New FIS study finds nearly 1 in 3 Aussies formed new banking relationship during the pandemic

Nearly 1 in 3 Australians have entered a new banking relationship with a financial institution during the COVID-19 pandemic, according to a new report released by FIS.

The FIS PACE Pulse Survey examines how Australians have altered the way their shopping, banking and paying for goods ands services in response to the COVID-19 pandemic.

Highlights of the FIS PACE Pulse Survey

Digital transactions have accelerated, with Australians shifting from in-branch transactions to online or mobile banking. This is likely to be a lasting shift, as only 7% of respondents indicate they are gradually returning to their traditional methods of banking.

Australians are also migrating to digital payments, QR codes being the most popular.

36% have increased their usage of QR codes when shopping in-store, while 31% are using cash less often now. Access to real-time payments is the most pressing need across generations.

The FIS report found that younger generations were often the quickest to make changes.

52% of Gen Zs and 63% of young millennials started a new banking relationship last year, while just 2% and 4% respectively are returning to conducting transactions in branches.

Led by millennials, the younger generations are also using mobile payment apps more often. 89% of millennials own a mobile wallet, and amongst these 99% have used it in the past month.

“Australian consumers are seeking better banking experiences and prioritizing digital.”

“As competition in the banking sector intensifies with new tech-savvy entrants winning market share and consumers quick to enter into new banking relationships, it is critical for banks to offer a compelling customer experience,” said Adrian Toynton, Banking Solutions at FIS.

“To retain and win new customers, banks must modernize their platforms and harness advanced technologies, like cloud and API-enabled banking, to provide a seamless experience.”
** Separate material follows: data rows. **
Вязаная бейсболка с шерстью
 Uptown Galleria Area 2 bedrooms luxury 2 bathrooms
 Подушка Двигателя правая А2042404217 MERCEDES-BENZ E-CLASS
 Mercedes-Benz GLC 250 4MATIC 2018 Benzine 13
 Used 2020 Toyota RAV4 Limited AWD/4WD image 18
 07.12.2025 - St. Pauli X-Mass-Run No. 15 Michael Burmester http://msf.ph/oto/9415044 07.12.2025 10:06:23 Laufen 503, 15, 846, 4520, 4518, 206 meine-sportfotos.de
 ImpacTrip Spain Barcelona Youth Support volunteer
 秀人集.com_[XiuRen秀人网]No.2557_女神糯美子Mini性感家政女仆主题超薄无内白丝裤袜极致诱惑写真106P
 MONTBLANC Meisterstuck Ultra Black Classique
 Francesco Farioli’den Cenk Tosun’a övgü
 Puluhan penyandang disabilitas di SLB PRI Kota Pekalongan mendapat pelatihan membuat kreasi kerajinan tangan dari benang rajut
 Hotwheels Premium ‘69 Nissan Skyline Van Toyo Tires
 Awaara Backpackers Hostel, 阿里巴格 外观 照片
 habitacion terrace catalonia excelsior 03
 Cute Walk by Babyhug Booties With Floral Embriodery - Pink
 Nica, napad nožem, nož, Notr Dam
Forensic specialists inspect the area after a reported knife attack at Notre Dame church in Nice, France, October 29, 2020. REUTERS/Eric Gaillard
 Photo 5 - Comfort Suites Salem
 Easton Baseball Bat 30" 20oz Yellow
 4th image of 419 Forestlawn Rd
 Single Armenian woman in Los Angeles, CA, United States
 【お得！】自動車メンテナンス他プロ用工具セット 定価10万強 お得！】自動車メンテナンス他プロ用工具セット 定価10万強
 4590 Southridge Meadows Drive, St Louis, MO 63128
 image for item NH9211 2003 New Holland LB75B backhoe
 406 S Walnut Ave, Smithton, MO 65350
“Banks should also watch the habits and preferences of Gen Zs and millennials who are undoubtedly a crucial demographic that will determine what next-gen banking looks like.”

FIS PACE Pulse Survey key banking trends

30% of Australians started new banking relationships in the last 12 months.

52% of Gen Zs and 63% of young millennials were more likely to start new banking relationships, compared to just 11% of boomers.

Only a small fraction (5%) of respondents transitioned from unbanked to banked, with newly banked consumers skewing heavily toward Gen Zs and young millennials.

One-quarter (25%) of respondents cited other key motivators.

The desire for better benefits (31%) was the primary driver, followed by ‘starting a new chapter in life’ (29%) and accessing products or services that other banks didn’t offer (25%).

43% stated they will continue to use online/mobile banking post-pandemic. 7% indicate they are gradually returning to their old ways of banking.

Of all generations, baby boomers (13%) are the most likely to return to conducting transactions in branches, and Gen Z (2%) and young millennials (4%) are the least likely.

FIS PACE Pulse Survey key payment trends

36% of respondents have increased their usage of QR codes and 24% have increased their use of tap-and-pay (contactless) when shopping in store.

31% said they are using cash less often now.

89% of young millennials own a mobile wallet, versus 35% of boomers. Amongst the young millennials who own one, 99% have used it in the past 30 days.

Access to real-time payments ranked highest across generations. Millennials are most in need of access to real-time payments immediately (16%) or within six months (28%).

The report provides insights into the financial health and attitudes of Aussies post-pandemic.

The top personal financial goals amongst the younger generations suggest a desire to rein in spending and start saving in the aftermath of the pandemic.

FIS PACE Pulse Survey key findings

Young millennials cite building an emergency fund (26%) as their top goal, following by setting a budget and sticking with it (24%).

Saving for a house tops the list for Gen Z (31%), followed by building an emergency fund (27%).

One-quarter of Australians were found to have suffered a job setback in the past six months, with young millennials and Gen Zs being most vulnerable.

4 in 10 young millennials suffered a job setback, most often a pay cut (14%), temporary lay-off/furlough (11%) or deferred promotion (12%).

36%t of Gen Zs had a job setback and were more likely than other generations to experience a pay cut (22%) or a permanent job loss (11%).

Nearly two-thirds (65%) of young millennials said they wouldn’t be able to sustain themselves longer than a month after a pay cut. 58% of Gen Zs indicated the same.

On the other hand, 39% of boomers said they could financially survive more than one year.